Chinese dissident Bao Tong spent decades either under home surveillance or in prison / © AFP/File
Chinese dissident Bao Tong, a top Communist Party official imprisoned in the wake of the 1989 Tiananmen Square protests who became a vocal critic of Beijing, has died at 90 years old, his son said on Twitter.
Bao had spent much of the past three decades under home surveillance or in prison following the Chinese military's violent crackdown on the student movement, which called for democratic reforms and an end to corruption.
"My late father... died peacefully at 07:08 on the 9th of November 2022," his son Bao Pu wrote Wednesday night on Twitter.
A former member of the Chinese Communist Party's powerful Central Committee, Bao Tong served as political secretary to reformist premier -- and subsequent party general secretary -- Zhao Ziyang.
Zhao, once a rising star within the party leadership, clashed with hardline colleagues over his sympathy for the student movement, eventually leading to his dismissal and house arrest.

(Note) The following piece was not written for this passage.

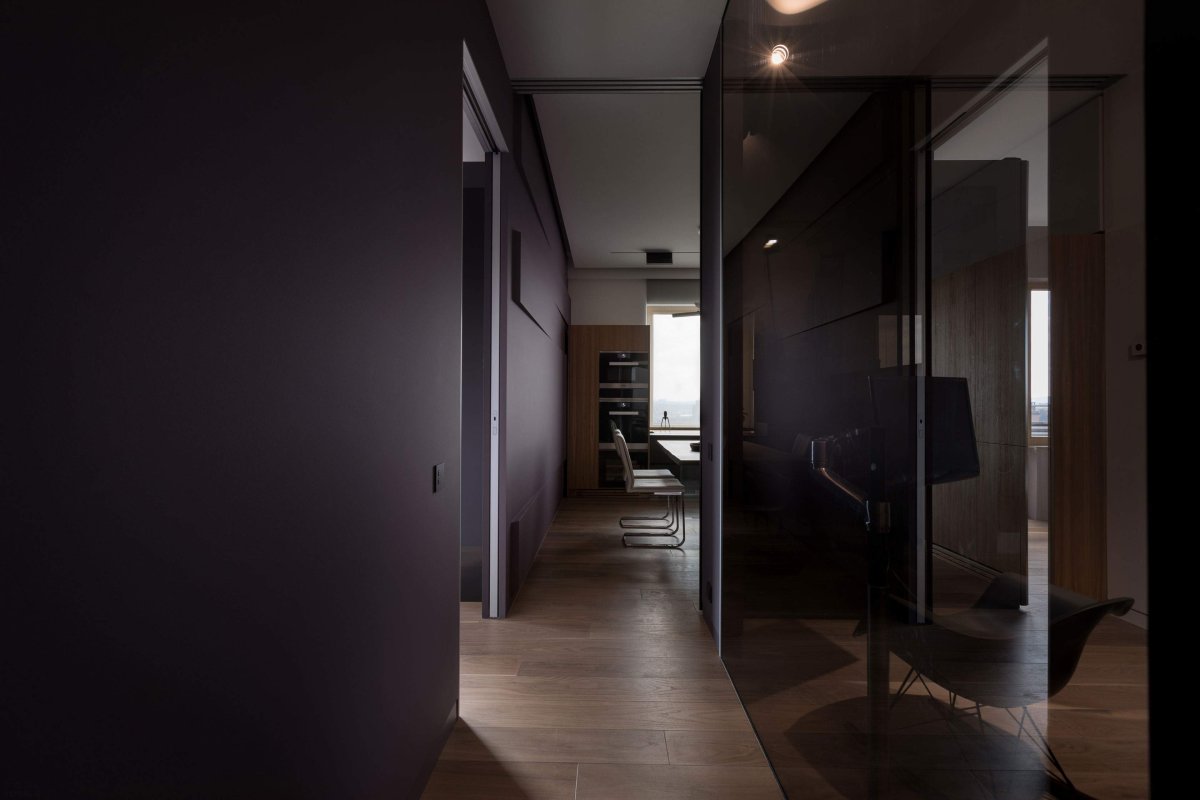 Интерьер длинного коридора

Bao Tong, like Zhao a supporter of economic and political reforms, was also detained over his support for the movement, serving seven years in prison before being released and placed under house arrest.
But his detention did not prevent his becoming a vehement critic of the Chinese government in articles he penned and comments to foreign press. He also notably fought for the official rehabilitation of Zhao Ziyang until his death in 2005.

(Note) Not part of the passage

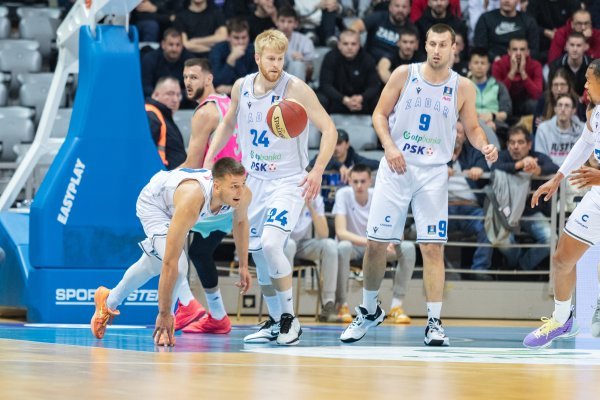 Ozljeda Lovre Mazalina na utakmici ABA lige Zadar - Mega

Convinced that China has taken the wrong path after the events of Tiananmen, he signed the "Charter 08" manifesto, a widely circulated online petition that called for political reform.
The manifesto, signed by more than 10,000 people, called for the protection of basic human rights and the reform of China's one-party system.
Bao later became an outspoken critic of Chinese President Xi Jinping -- the country's most powerful leader since Mao Zedong -- speaking out against his drive against corruption, which critics have said was used to quash his opponents.
"Our system is run on corruption," Bao said in 2013. "If I beat 10 tigers, 100 more will come out. If I hit 100 flies, 1,000 come out.
"Why do they want political power? They want it in order to be corrupt."